Drug Lord’s Life Sentence Overturned
An appeals court has overturned the life sentence of onetime Los Angeles cocaine lord Ricky Ross, saying that a judge erred when she sentenced Ross under a federal three-strikes law.
The U.S. 9th Circuit Court of Appeals ordered U.S. District Judge Marilyn Huff to resentence Ross, whose links to a former leader of the Nicaraguan Contras, Oscar Danilo Blandon, spawned a public furor.
A 1996 series of article in the San Jose Mercury News alleged that the CIA, through Blandon and Ross, had helped start the crack cocaine epidemic in Los Angeles in the early 1980s. Other news organizations challenged the series’ accuracy.
Ross was convicted in March 1996 of buying 220 pounds of cocaine for $169,000 from Blandon, a convicted drug trafficker who was working as an informant for the Drug Enforcement Administration.
The court ordered Huff to resentence Ross. A probation report earlier recommended a term of about 22 years.
Attorneys for Ross argued that his conviction should be overturned because the alleged link between Blandon, the CIA and the Contras constituted outrageous government misconduct. In Wednesday’s ruling, the three-judge appeals panel rejected that argument, and upheld Ross’ conviction.
The allegations of a CIA link were unproven, the judges said, “and even if true would not necessarily rise to the level of outrageous conduct.”

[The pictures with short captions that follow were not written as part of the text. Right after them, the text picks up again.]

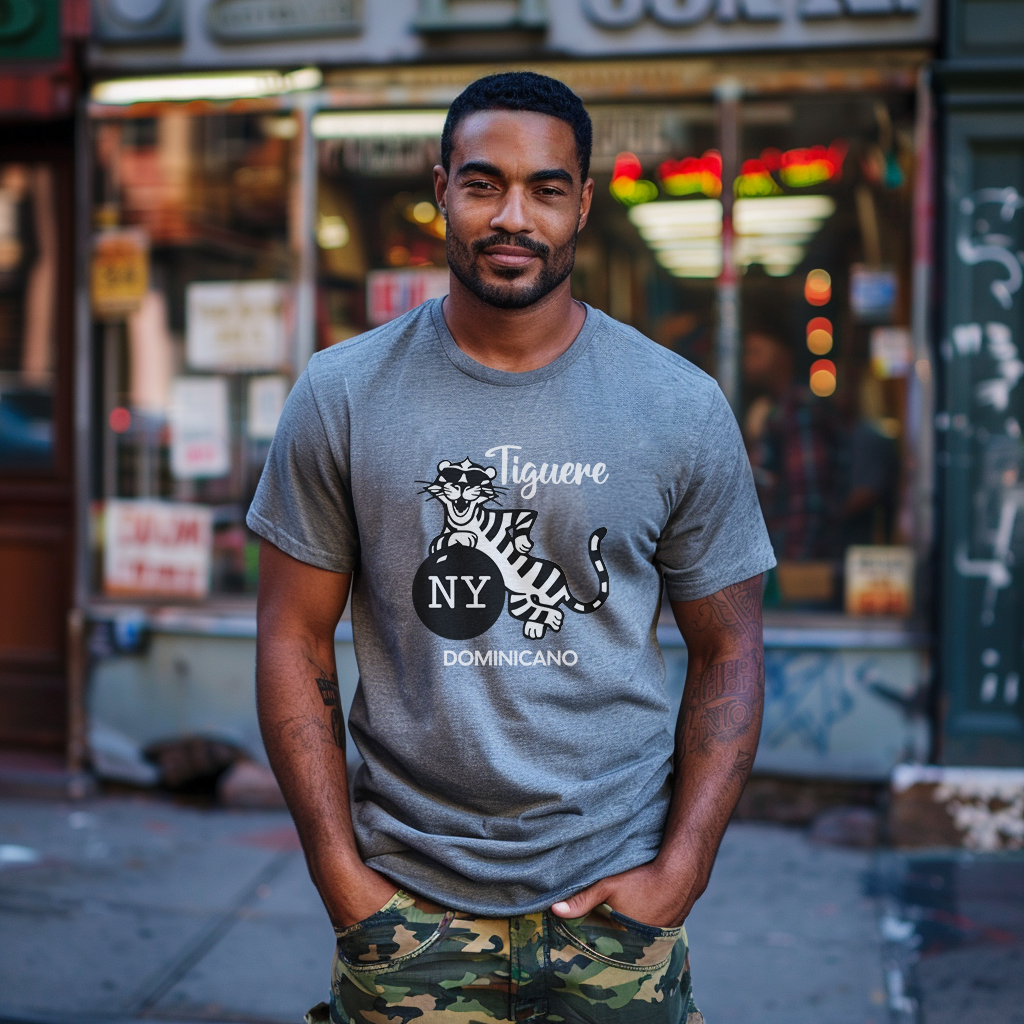 Good looking Dominican papi wearing a Bella Canvas 3001 graphic tshirt with a cartoon tiger and a bomb with the words "Tiguere NY Dominicano" on the front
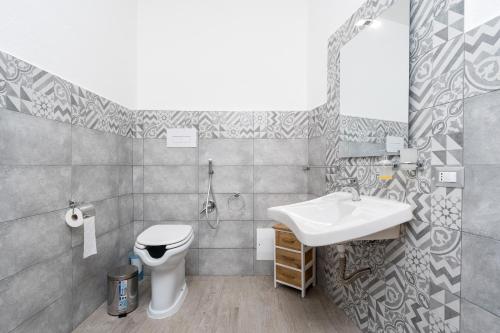 a bathroom with a sink and a toilet at Casa Regina Margherita in Loculi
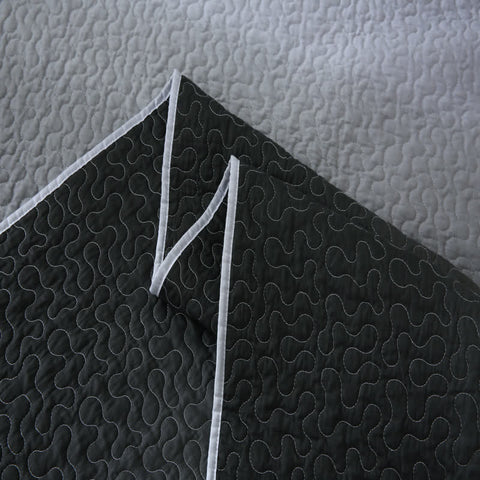 Black textured fabric with white stitching on a light gray background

The judges did rule, however, that Ross’ life sentence was inappropriate. The court said Huff erred when she counted Ross’ previous convictions in Ohio and Texas as separate crimes rather than a single conspiracy.
After the Mercury News series on crack came under fire for making inaccurate generalizations about the history of the crack trade, the newspaper acknowledged that the series contained serious flaws. Earlier this year, the CIA said an internal investigation found no evidence that the Contras received significant support from drug traffickers.
For David Ross, Ricky’s brother, the victory on the sentencing felt hollow.
“That’s what not what were fighting for,” David Ross said. “We’re fighting for a dismissal, period.”
In an interview from the maximum-security federal penitentiary in Lompoc, Ross expressed confidence that more than his sentence would eventually be overturned.
“This is just the start of it,” he said. “The whole case was fabricated. . . . The citizens should really be outraged.”